Before U.S. farmers even began planting this year's corn crop, agriculture economists and grain traders predicted it would be a volatile growing season. And, it has been. We're only about a month into the season and corn futures prices are already swinging wildly at the Chicago Board of Trade.
Traders attribute the volatility to the dreaded "D" word. In this case, "D" means drought. A severe drought that is centered over Alabama is creeping farther north, into Indiana and Ohio. Illinois is now abnormally dry.
But, the threat of a drought isn't the only reason corn prices are bouncing up and down like popcorn. Ethanol is the other. Increased production of the corn-based fuel has been nudging corn prices higher for months. With enthanol pushing demand for corn higher, economists have been warning what could happen if the nation's corn crop is threatened by bad weather or disease. That is what we are seeing right now.

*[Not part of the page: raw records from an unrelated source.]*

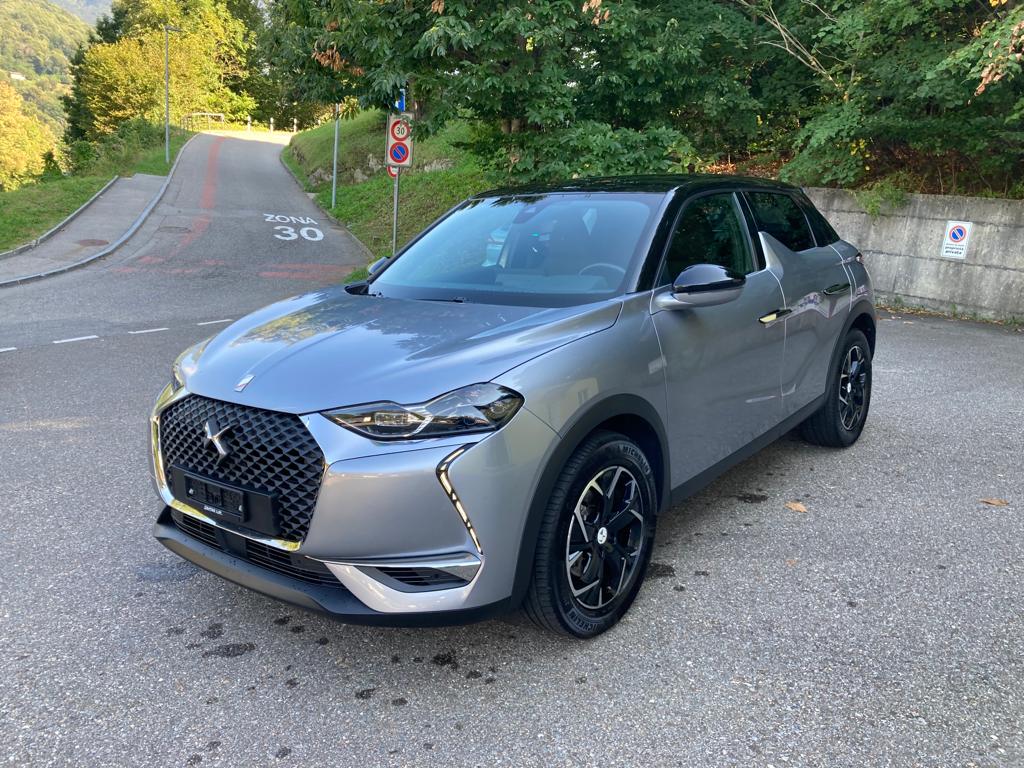DS AUTOMOBILES DS 3 Crossback E-Tense 136 Club-showroom-element-2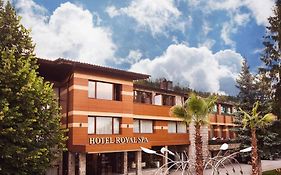 Hotel Royal Spa Velingrad
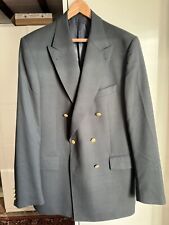 Burberry Blazer Doppelreiher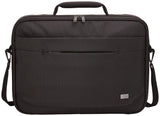 Thule - Advantage 15.6" Laptop Briefcase - Black - 3203990
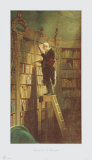 Buy The Bookworm at AllPosters.com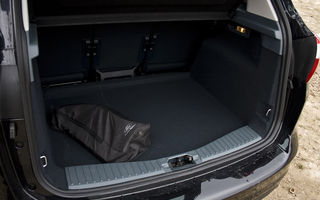 Test drive Ford C-Max (2011-2014) - Poza 27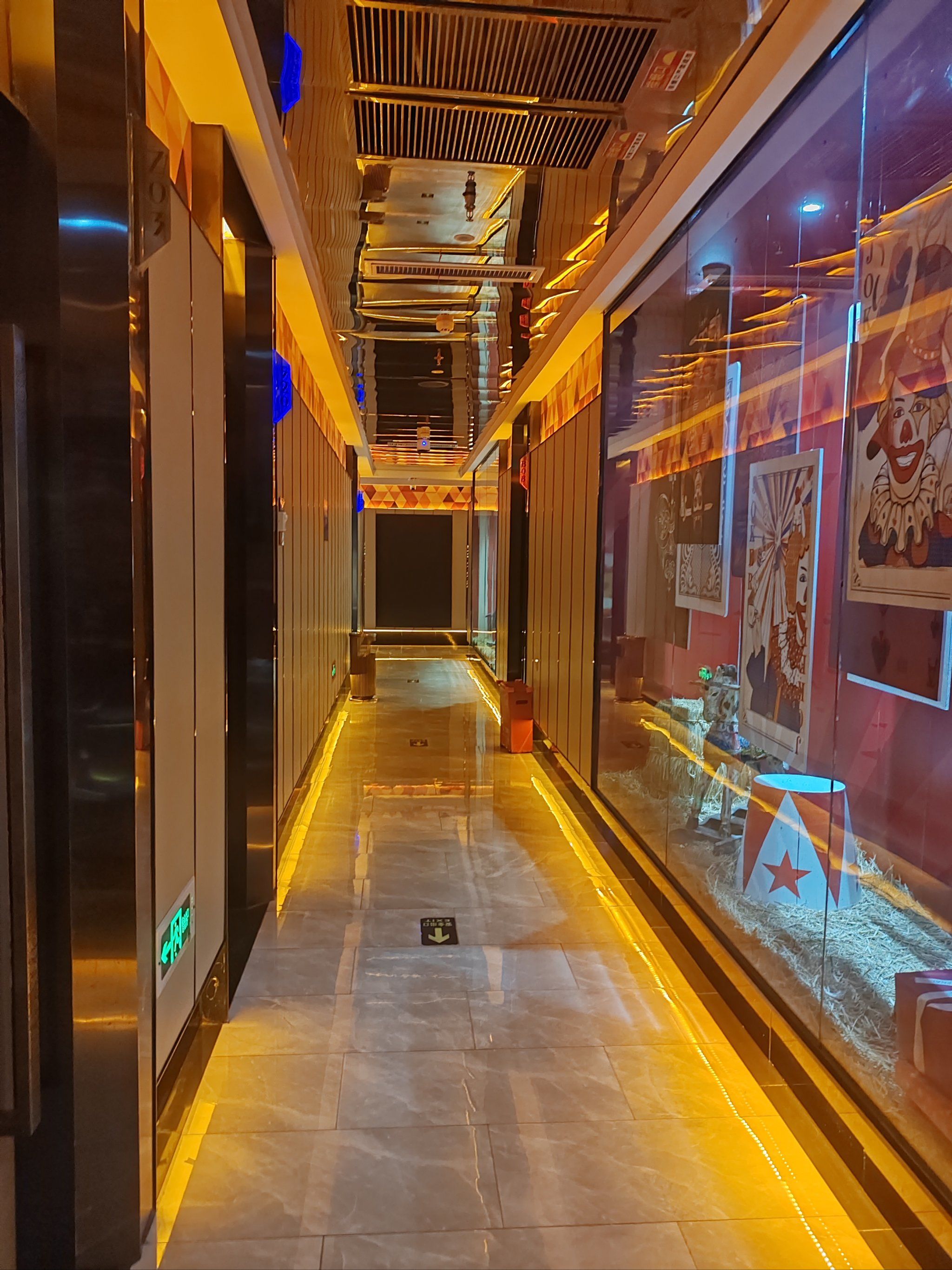 晋中商务ktv首选，性价比高-介休市ktv预订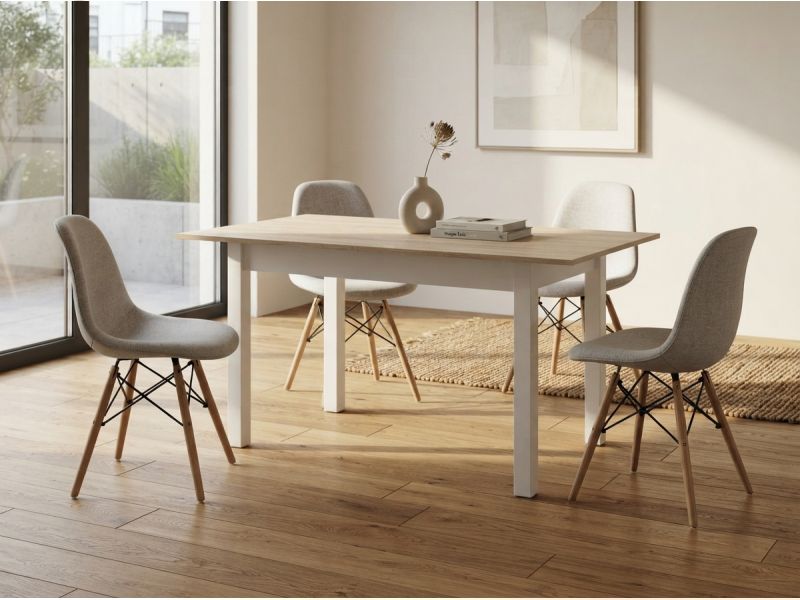 S-Horacy Table
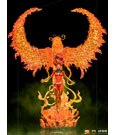 Marvel Comics BDS Deluxe Art Scale Statue 1/10 Phoenix (X-Men) 49 cm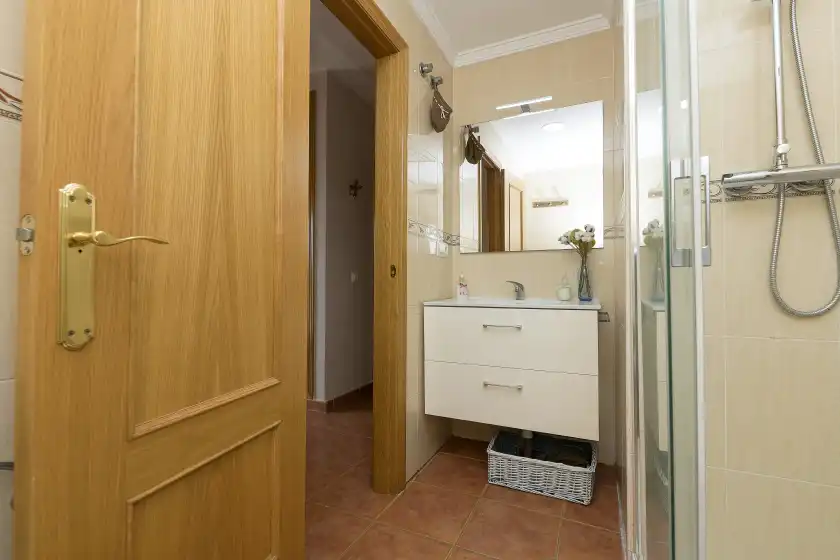 Holiday rentals in La roteña, Rota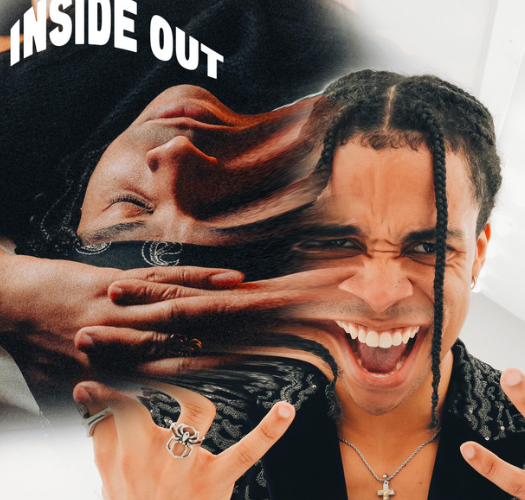 J. Hasan Delivers Impactful New Single ‘Inside Out’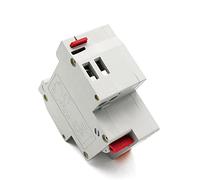 Disjoncteur différentiel 20 A DZ30L EPNL DPNL 230 V 1P+N avec protection contre les surintensités et courts-circuits RCBO RCCB MCB DIY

At this point, farmers could still harvest a big crop this fall. Growers planted about 15 percent more corn this spring than last. On top of that, there is still about one billion bushels of corn left over from last year. But, we are now living in a time when food producers and fuel producers are vying for the same commodity. So, anything that even threatens that commodity will up its price.
Some energy analysts that I have interviewed over the past couple of years have seriously questioned the idea of trading food for fuel. They argue that whatever savings ethanol might bring to consumers will be offset by higher food prices.
Terry Francl, chief economist for the American Farm Bureau Federation, thinks corn yields this fall will be lower than originally expected. How low those yields will be and how high corn prices could go remains to be seen. So, too, is the reaction consumers might have to higher prices at the grocery counter.